Fuzz It Up
May 21, 2008 9:09 AM   Subscribe

The Most Curious Thing (follow-up of sorts) by Errol Morris. Fuzzed up indeed.
posted by i_am_a_Jedi (31 comments total) 8 users marked this as a favorite
Morris' latest, Standard Operating Procedure, deals with the Abu Ghraib photos. It's not his best work, IMO, but it's well worth seeing.
posted by cgs06 at 9:37 AM on May 21, 2008

Well worth reading. Thanks for posting it.
posted by Blazecock Pileon at 9:41 AM on May 21, 2008

(In retrospect: timsteil's previous title that I objected to, pretty much struck at the heart of the matter...)
posted by progosk at 10:14 AM on May 21, 2008

Errol Morris really, really fascinates me.

Somehow I completely missed the First Person series when it came out and have only managed to catch a couple of episodes via the net after the fact.

Does anyone have any idea where I can get a hold of more of these shows?
posted by nedpwolf at 10:22 AM on May 21, 2008

I'm a huge fan of Morris. Leave it to him to involve a smile specialist to investigate the photos. The man's a genius.
posted by shmegegge at 10:24 AM on May 21, 2008

I <3 Errol Morris.

And if you've clicked on the link only to shy away at the length of the page, 80% or more is comments. It's worth a read.

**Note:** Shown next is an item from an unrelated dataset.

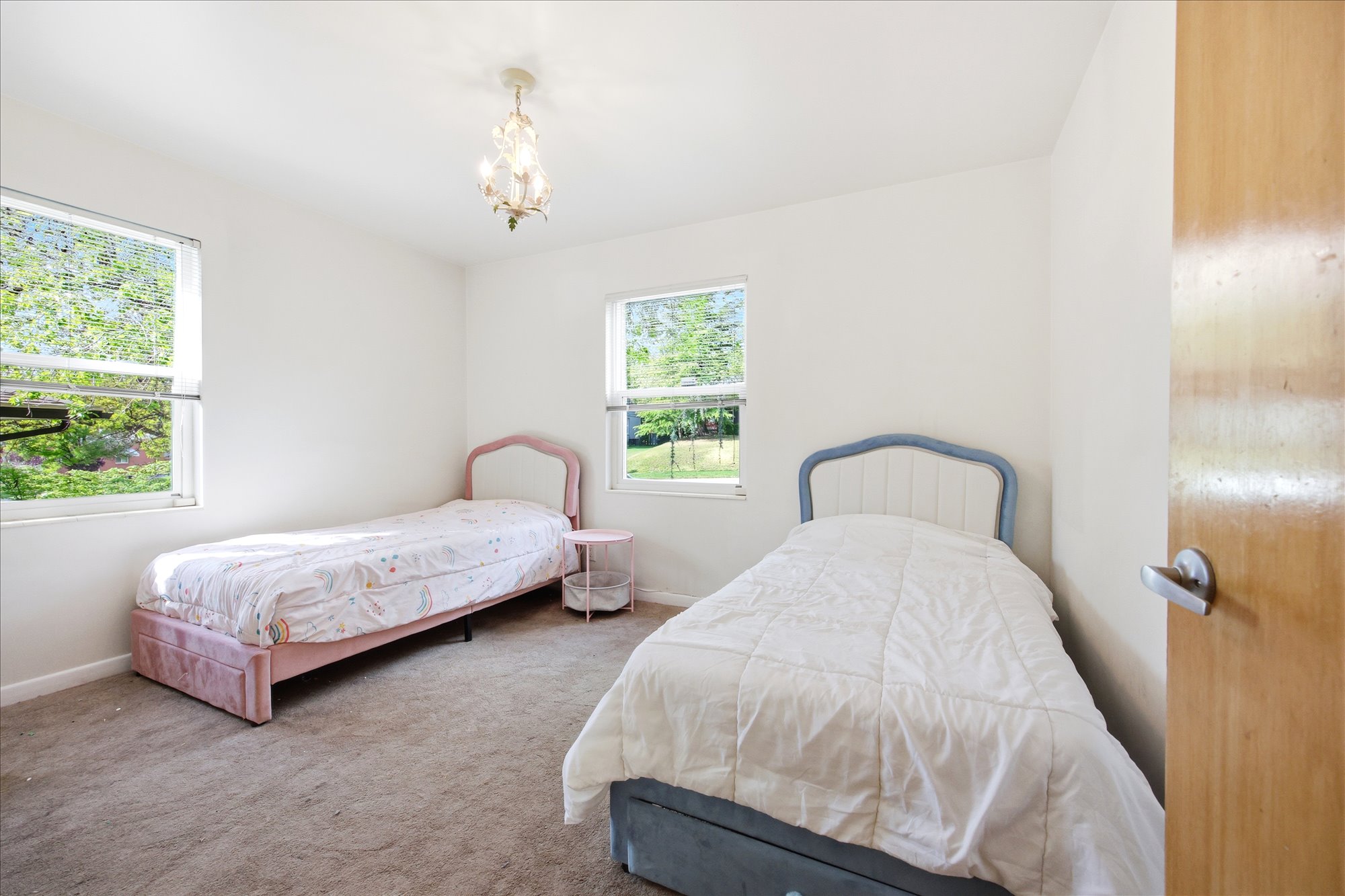Bedroom featuring carpet and a chandelier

I felt Errol sort of betrayed a bias as he explored the photo with the smile dude -- I'm used to a more stoic, neutral type of Errol -- but then again I kind of had a sense when I first saw the photo that it was a "Hi Mom!" thing and not "Awesome, dead dude!". Disturbing that it's with a dead dude, yeah, but no, it never struck me as "yay! I am a sociopathic murderer!" -- rather "Wow! What a fracked up situation I'm in!"
posted by cavalier at 10:29 AM on May 21, 2008

nedpwolf, First Person is readily available on DVD.
posted by hilker at 10:29 AM on May 21, 2008

Fuzzing it up is a common practice in government. You hide intention and responsibility. You have one person say one thing, and another person the exact opposite. You create a blizzard of paper, so much paper that actual evidence is lost in the glut. And of course, you deny anything and everything you can deny — particularly the obvious. (Denying the obvious is always popular.) You produce noise, distraction and confusion. People rarely think of this as a well-established bureaucratic technique, but it is a tried and true methodology.

I'll remember that.

It's so sad to read about the dreary everyday details of torture by the US. I grew up thinking that this happened only under Stalin.
The evil empire...?
posted by jouke at 10:30 AM on May 21, 2008

Through his blog and his documentary work, Errol Morris is rapidly becoming an American Treasure. His sheer attention to detail and investigative enthusiasm regularly awes me.
posted by anotherpanacea at 10:33 AM on May 21, 2008

Thanks for pointing this out, i_am_a_jedi. Harmon's case is certainly bolstered by her contemporaneous letter to her partner, although the skeptic in me wonders if Morris was able to (or even tried to) verify its authenticity. It almost seems too convenient, like "I'm so bummed about all this bad stuff the military is doing, and get this -- the other day someone took a picture of me smiling in front of a dead guy, but what I was really doing was trying to take pictures of the evidence..." And the stuff about the "smiling muscle," while interesting (and maybe true), tells us only that she wasn't smiling out of general enjoyment. But does a non-enjoyment smile get her off the hook? I just get the distinct impression that Morris is trying too hard for Harmon. I think his statement that he "often think[s] about Sabrina being a woman, a gay woman in the military," might suggest rooting for the underdog as a motivating factor. But who cares if she smiled or frowned -- the far more important point is that she clearly didn't have any role in the guy's death, but the military nevertheless loved having her as a public face to deflect attention away from the higher-ups.
posted by pardonyou? at 10:54 AM on May 21, 2008

At what fucking point do soldiers in the U.S. Army take orders from no-rank dickheads in the CIA? This is the part of this story that to me is the focus of the complete breakdown of the system over there. From day one the army pounds into recruits heads chain of command - who you listen to who you don't. I cannot possibly imagine that "random CIA guys" is on the list of people who give orders that soldiers take.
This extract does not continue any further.